In an Israeli cave called Hilazon Tachtit, archaeologists have uncovered the burial of a woman who died at the end of Paleolithic times. She was just under five feet tall, about 45 years old, and she was a very special person:

Some 12,000 years ago in a small sunlit cave in northern Israel, mourners finished the last of the roasted tortoise meat and gathered up dozens of the blackened shells. Kneeling down beside an open grave in the cave floor, they paid their last respects to the elderly dead woman curled within, preparing her for a spiritual journey.

They tucked tortoise shells under her head and hips and arranged dozens of the shells on top and around her. Then they left her many rare and magical things—the wing of a golden eagle, the pelvis of a leopard, and the severed foot of a human being.

The discoverers interpret their find as the tomb of a shamaness, and I am sure they are right. The eagle wing, representing flight to the Other World, is particularly evocative. Shamans in many traditions walk with a limp or have problems with one leg or foot -- among some Siberian tribes a shaman who has the misfortune of being healthy will fake a limp during rituals. And this shamaness fit the type perfectly:

Analyses showed that this woman had suffered from a deformed pelvis. She would have had a strikingly asymmetrical appearance and likely limped, dragging her foot.

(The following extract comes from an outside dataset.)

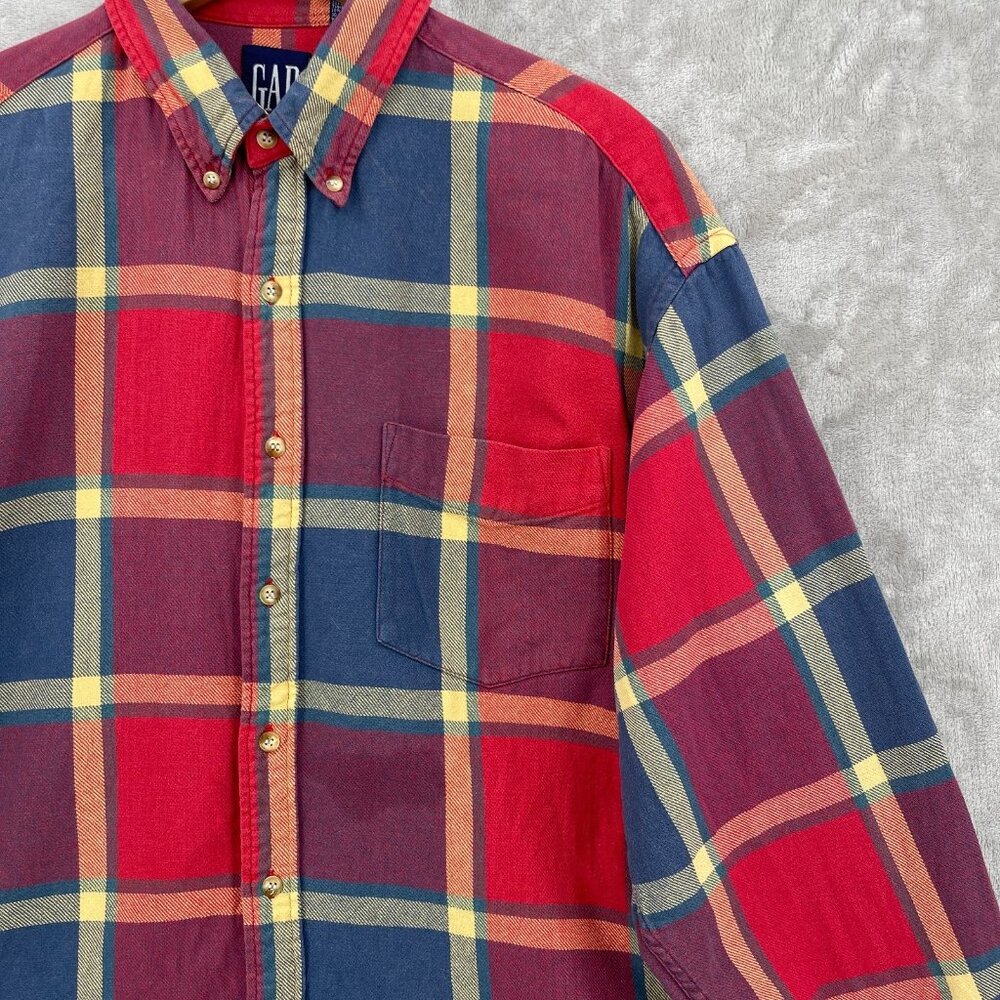 Gap Vintage Red Blue Plaid 100% Cotton Long Sleeve Button Front Shirt - Picture 2 of 10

This great religious leader was laid to rest with all the ceremony her people could manage. Next to her tomb they held a great feast that included the meat of wild boars and the dangerous aurochs, the wild ancestor of modern cattle. In later years they returned to bury others of their people in her cave, and held more feasts.

It is an amazing find, the kind that takes us back across thousands of years and brings us face to face with people long dead, and a world nearly forgotten.

1 comment:

Tink said...

Very interesting! Thanks for sharing.